Il regolamento tiene conto dei seguenti presupposti per l’assegnazione degli affari di mediazione che è fatta dal rappresentante legale dell’organismo secondo i seguenti principi inderogabili:

  1. criteri predeterminati: l’organismo nella designazione del/i mediatore/i  designa esperti di particolare e comprovata specializzazione  in conformità di quanto previsto dall’art. 7, lett. e), del D. M. 180/2010 e s.m. di mediatore/i esperti di particolare e comprovata specializzazione universitaria in presenza dei seguenti presupposti di legittimità:
l’oggetto della prestazione d’opera intellettuale deve corrispondere alle competenze attribuite dall’ordinamento all’ente e ad obiettivi e progetti specifici e determinati, per la cui realizzazione si richiede l’apporto di conoscenze specifiche o di contributi di qualificata professionalità e deve risultare coerente con le esigenze di funzionalità dell’ente e con la volontà delle parti in lite che sono sempre libere, d’accordo tra di loro, alla scelta del mediatore.
  2. la specifica competenza professionale: l’organismo designa il mediatore/i tenendo conto:
  • della specifica competenza acquisita specificatamente nelle varie procedure conciliative da quei mediatori iscritti all’organismo prima del 26 agosto 2011;
  • di attestati formativi e/o integrativi e/o di aggiornamenti e/o di perfezionamento e specializzazione, sia in tema di mediazione civile che di sistemi di A.D.R. in generale (Alternative Dispute Resolution) anche distinti per singole materie, rilasciati da enti pubblici e privati, università e scuole di formazione riconosciuti, italiani o stranieri, che attestino specifiche competenze professionali oltre a quelle già posseduta di mediatore professionale, fermo restando comunque l’obbligo di effettuare, in tali casi, una valutazione comparativa con altri iscritti;
  • di mediatore/i esperto/i di particolare e comprovata specializzazione universitaria, in presenza dei seguenti presupposti di legittimità:
l’oggetto della prestazione d’opera intellettuale deve corrispondere alle competenze attribuite dall’ordinamento all’ente e ad obiettivi e progetti specifici e determinati per la cui realizzazione si richiede l’apporto di conoscenze specifiche o di contributi di qualificata professionalità e deve risultare coerente con le esigenze di funzionalità dell’ente.

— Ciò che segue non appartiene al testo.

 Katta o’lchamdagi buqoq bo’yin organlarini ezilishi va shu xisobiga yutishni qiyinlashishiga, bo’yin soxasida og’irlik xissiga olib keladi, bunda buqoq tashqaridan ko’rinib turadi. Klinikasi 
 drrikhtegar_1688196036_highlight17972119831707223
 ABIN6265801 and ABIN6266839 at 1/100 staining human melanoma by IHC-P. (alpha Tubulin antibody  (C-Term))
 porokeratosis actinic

  1. la tipologia di laurea universitaria posseduta: l’organismo nella designazione del/i mediatore/i tiene conto anche di:
  • certificati di laurea conseguiti per diverse discipline,
  • master di qualsiasi livello,
  • corsi di formazione interdisciplinari,
  • ricercatori,
  • stagisti,
  • docenti universitari italiani e stranieri,
  • cultori in discipline universitarie.


Art. 2 - L’assegnazione di incarichi individuali o collettivi del/i mediatore/i, avviene o con la stipulazione di contratti di lavoro autonomo di natura occasionale o coordinata e continuativa.

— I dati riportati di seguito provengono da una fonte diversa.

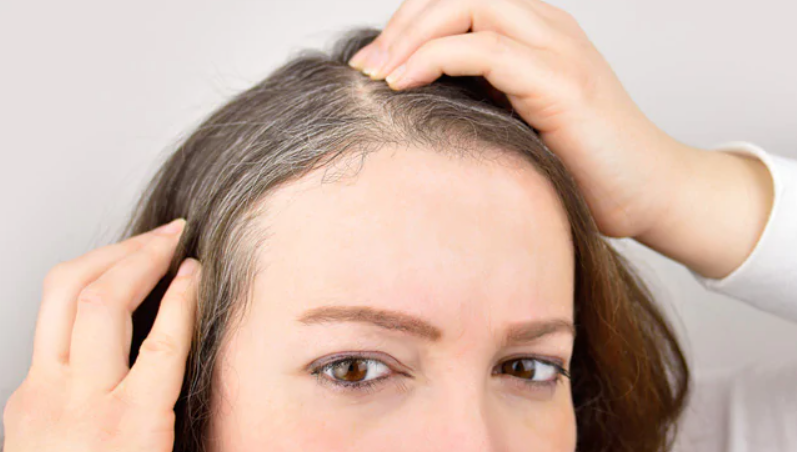 Premature Hair Greying: What's Triggering It And How To Reverse The Trend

La prestazione deve essere di tipo intellettuale, qualificata o specializzata, non può essere riferita ad attività esecutiva, non comporta la possibilità di rappresentare l’ente e di agire in nome e per conto dell’amministrazione e non ammette responsabilità di tipo dirigenziale o gestionale.

La competenza all’affidamento degli incarichi è a cura della segreteria dell’organismo su atto autorizzativo del rappresentante  legale dell’organismo.
Alla selezione del/i mediatore/i, da sottoporre al responsabile dell’organismo, provvede l’ufficio di segreteria dell’organismo valutando, a seconda dei casi, in termini comparativi i curricula professionali, l’esito del colloquio e le eventuali offerte economiche.
Il responsabile dell’organismo può conferire gli incarichi in via diretta, ossia senza esperimento di procedure selettive e comunque sempre nel rispetto dei criteri inderogabili sopra descritti.